Here is the ad signed onto by Mishkan Shalom that appeared in Spanish in two Salvadoran newspapers: LaPrensa Grafica and Diario CoLatin.
Open Letter to the Salvadoran Government in the Suchitoto Case, July 2, 2007
We, the undersigned non-governmental organizations, religious congregations, and other members of U.S. civil society, have received with profound concern information regarding the events of July 2nd in Suchitoto. On that day, riot police (UMO), with the support of the armed forces, reprimanded a peaceful protest against the privatization of water at the time in which the President of El Salvador had planned to launch his national water decentralization policy.
Via the media and organizations that specialize in human rights, and after reviewing video taken on July 2nd in Suchitoto, we are convinced that there was abuse of force and arbitrary actions taken by the riot police against unarmed men, women, and children who were peacefully protesting in said location.
We have also received with great worry the news of the detention of 14 people. In various cases, the detentions were accompanied by torture (as reported by Tutela Legal of the El Salvador Archdiocese, July 12, 2007). Among those arrested are directors of social organizations, university students, municipal workers, and peasant farmers. All except one of these individuals (who was provisionally released) have been taken to provisional prison for a period of three months under charges of terrorism, according to the verdict rendered on July 7th by Judge Ana Lucila Fuentes de Paz, from the Special Tribunal of San Salvador. These charges are of such a serious nature that the accused could be facing a sentence of up to 60 years in prison if found guilty.
We share the declarations of the Human Rights Ombudsman of El Salvador, Dr. Oscar Luna, that “public freedoms such as the right to freedom of expression, free assembly, free protest, and free association are becoming more vulnerable.” We also agree with this Salvadoran Government official, whose constitutional function is to oversee the respect of human rights in this country, that the Special Law against Acts of Terrorism is NOT applicable in the aforementioned case of Suchitoto.

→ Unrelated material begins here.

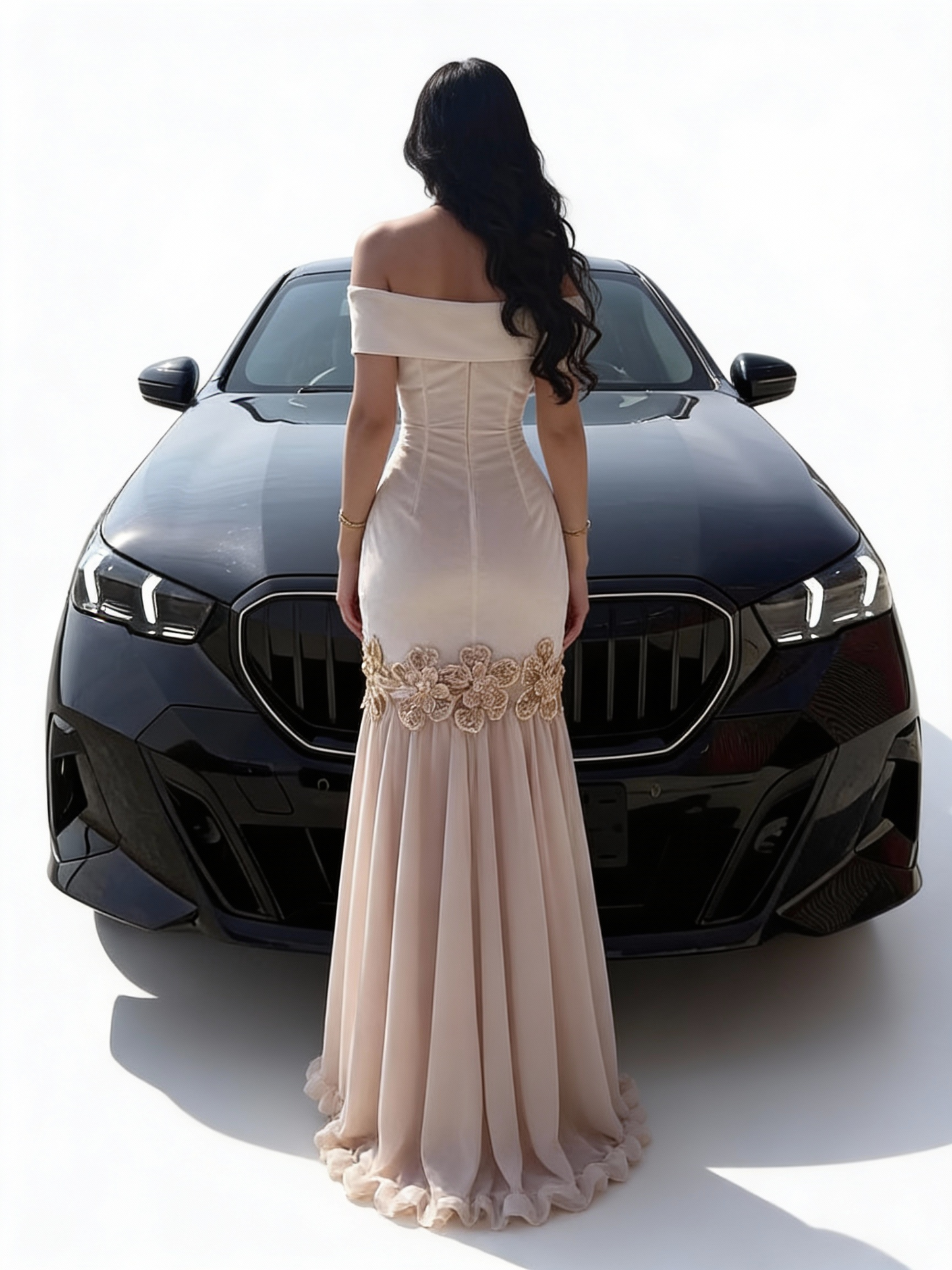 فستان كريمي بزهر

The situation described above is evidence of the grave deterioration of human rights and civil and political liberties in El Salvador. With this, the hopes of the Salvadoran population and the international community that were placed in the mechanisms and institutions of democracy derived from the Peace Accords of 1992 are once again frustrated. The extreme political polarization that exists in El Salvador and the elevated violence indicators that the Salvadoran people must endure have been aggravated by the treatment of the National Civil Police, the Attorney General of the Republic, the Judicial powers, and the mass media in this case before us.
The events of July 2nd in Suchitoto take us back to past times in the history of El Salvador, to which we do not wish to return. We repeatedly hear members of Salvadoran civil society, in relation to the case of Suchitoto, utilize the words “political prisoner” and “terrorism of the State.” We cannot avoid remembering in these circumstances the final homily of Monsignor Oscar Arnulfo Romero, Archbishop of San Salvador, shortly before his assassination at the hands of death squads on March 24, 1980: “STOP THE REPRESSION!”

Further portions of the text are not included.